I hope you are well!
In one of my last blog post ( “What do you value!”), I lay out the three step plan to unlocking your full potential and finding your purposeful pursuit! Let me slightly alter these steps:
Self-driven mental attention standards falls under cultivating discipline, and I believe this attention discipline will prepare you for the rest of your journey to finding your purposeful pursuit!
I changed “Write down your values” to “Write it down,” because I want to share the real power of a daily journaling practice – No matter who you are or where you come from – carrying a personal journal for thoughts and notes is going to be a critical feature of your new lifestyle to get where you want to go!
Many people including myself will choose to ignore attention discipline until they can no longer! Let me tell you that this strategy will sabotage the rest of your pursuits!
Eventually, not caring for the governor of your life will cause you great pain and suffering that will distract you from the reason you are here!
Before diving in let me give you some steps on how to figure out your own attention and mental standards and start crafting your practice of attention discipline:
I am sure you are thinking — isn’t this the same exact blog post as “Starting from Physical Zero” — and I will say that not cultivating physical discipline is very similar to not cultivating attention discipline, but let’s dig into it so we can observe the differences and find solutions to overcoming the challenges you may face everyday.
My first rebuttal to the idea that physical discipline and attention discipline are the same would be that there are many examples of great athletes with tremendous amounts of physical discipline that have not cultivated attention discipline! I will not give examples, but you can research to find a few.

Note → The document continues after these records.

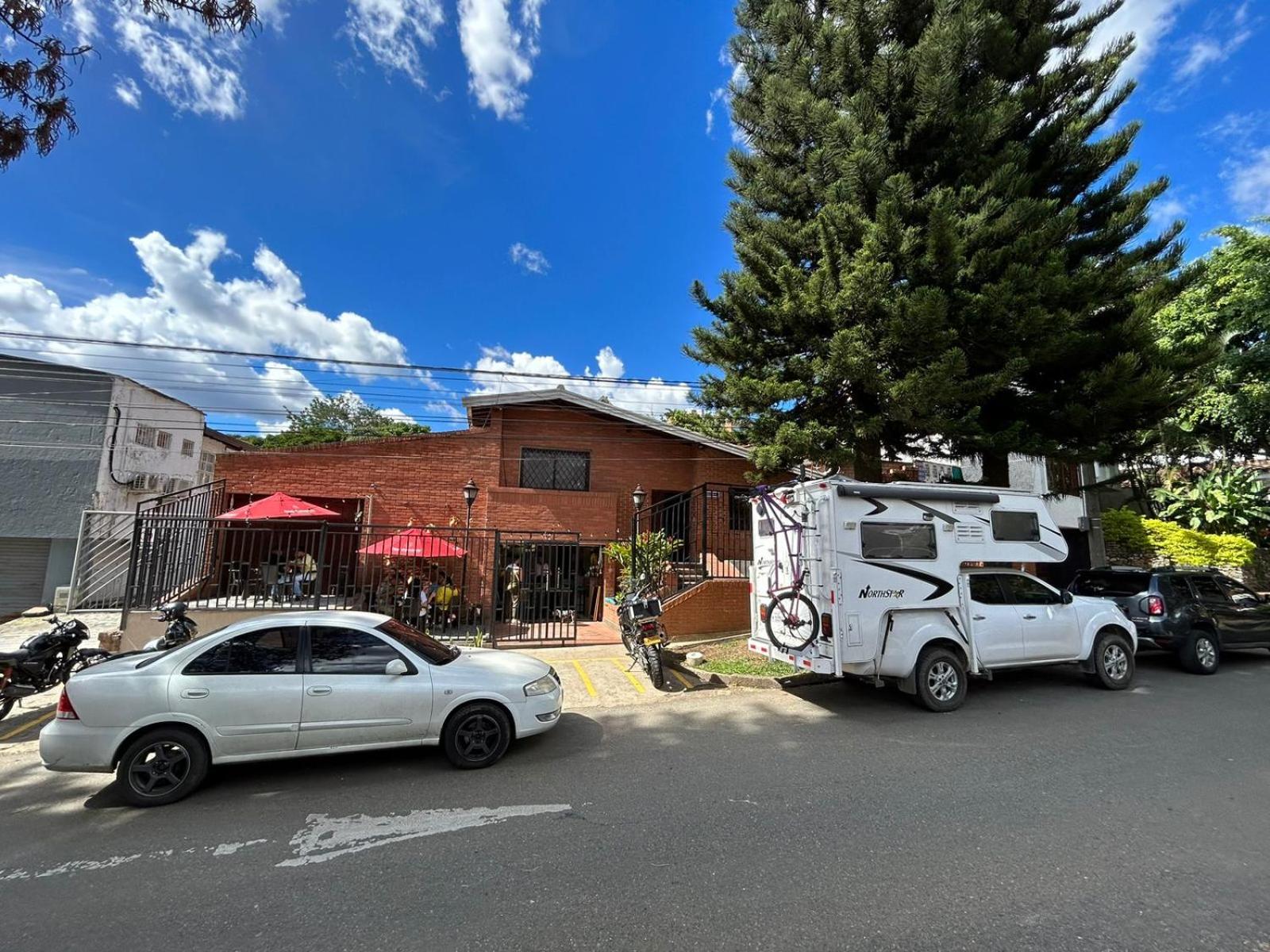 Lady Mom Hostal
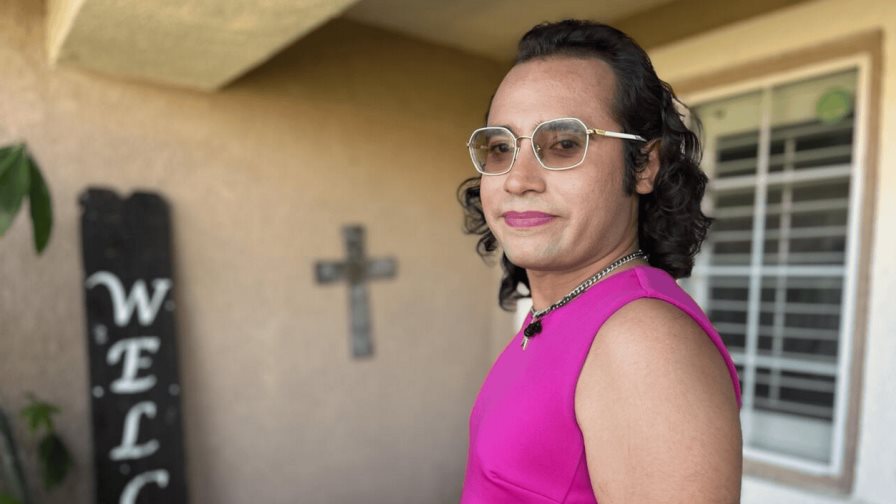 Votantes destituyen al primer concejal trans latino de Calexico, en la frontera con México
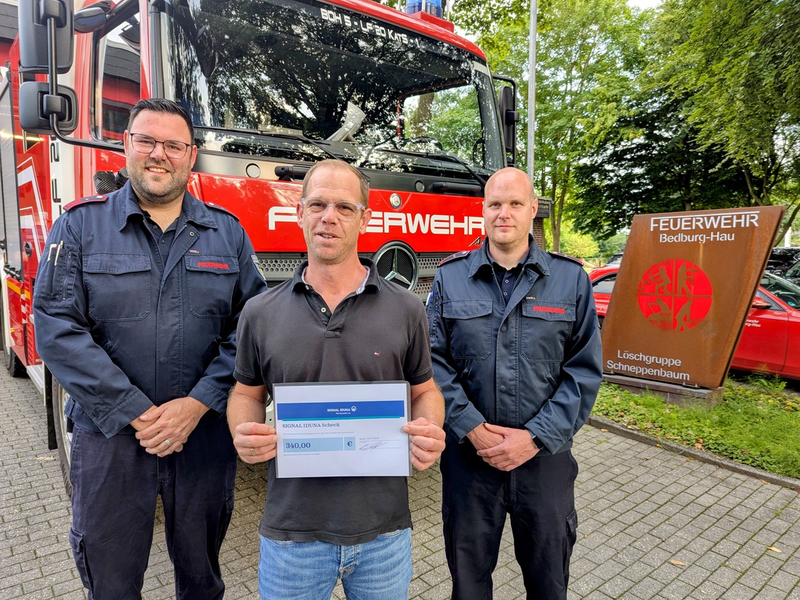 FW-KLE: Dauerspende für die Freiwillige Feuerwehr Bedburg-Hau: Dirk Peekel unterstützt ehrenamtliches Engagement - Foto: presseportal.de
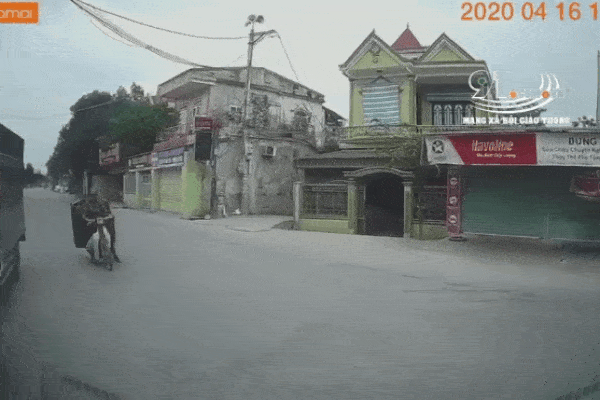 Bà bán trứng bất ngờ gặp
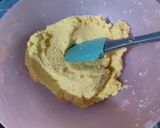 Foto langkah ke 4 dari resep Kue Sagu Keju.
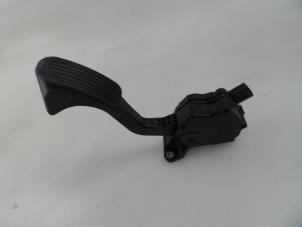 Gebruikte Gaspedaal Toyota RAV4 (A4) 2.0 16V VVT-i 4x4 Prijs € 30,00 Margeregeling aangeboden door Autobedrijf Broekhuis B.V.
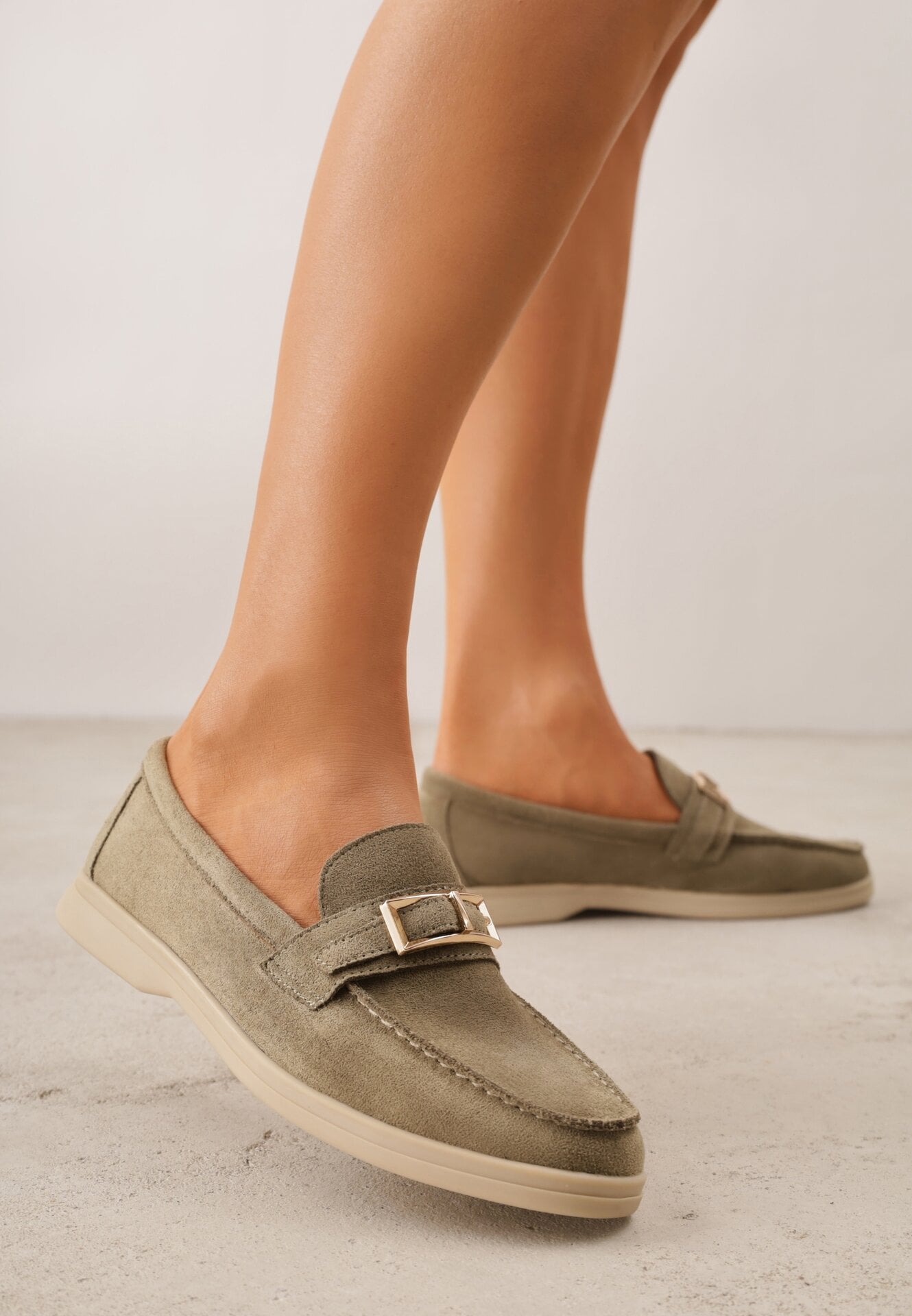 Mocasini Verzi cu Ornament Dreptunghiular Metalic Aeleorane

What is attention discipline?
Attention discipline is the ability to think about what you know you should be thinking about without breaking attention — it’s about controlling the most valuable resource you have — time!
If you allow all of your time to be wasted unfortunately as far as we know there is no do-over.
So we need to take care of our time – cultivate it — pay attention!
Millions of ideas compete for our time inside of our own brain everyday; and maybe right now you are being distracted. STOP IT! NOW!
See if you can really focus on a singular thought for longer then 60 seconds — think of the most serene place you have ever experienced — even that most cherished memory may come and go like a snore in the night to you. Why? It’s simple — most of us can not control our own minds.
Controlling your own mind — unlocks the ability to organize our own values and beliefs — without devoted attention to our values we will never be able to control them.
Worldviews are like apps today – once you download and accept the terms of agreement that’s it for most people.
Few people will continue to contribute meaningful ideas to the world or their own lives without cultivating a mental practice of attention discipline.
Based on your list of values — take the number 1 or 2 thing from your list, and devote 5 minutes a day for three days a week to thinking solely about that value — so if it happens to be family —- you spend 5 minutes devoted to contributing thinking power to you family. In the morning or evening — write down the 3 things you plan to do a week, what you did and how long you spent on it. Try to check this daily so you don’t forget!
Then for the next 12 weeks — add 5 minutes each week. So by week 4 — you’d be devoting 20 consecutive minutes three days a week to that value. By the end of the 12 week program — you will be built up to 60 minutes of disciplined attention towards your most cherished value three days a week!
This is a double win for you – one way its a win is that you are cultivating discipline to pay attention and you also get the benefit of paying attention to something you value!!
It may seem simple, but the honesty of writing it in your journal for yourself is the reality-check you need to know that you are getting closer to your goals, and spending your time the way you would want to do it!
Taking control of your attention can go hand in hand with physical discipline, but sometimes people think distracted physical activity is the same as attention discipline — it’s not!
You can get to the point in your physical journey where you can easily listen to a book, podcast, or lecture during a workout, but many people are not able to do this well!
Sometimes you need to focus on your foot-eye or hand-eye coordination in the gym, on the bike, or using the treadmill – sometimes it would be better if you payed attention to your body and not get distracted especially if you are a beginner (anyone with less then two years of activity experience).
So I highly recommend devoting specific time to thinking back to your values and how you wish to spend your time!
It’s fine if you can meditate and workout — do it! But what are you doing with the rest of the time you have and is it focused on fulfilling your values!!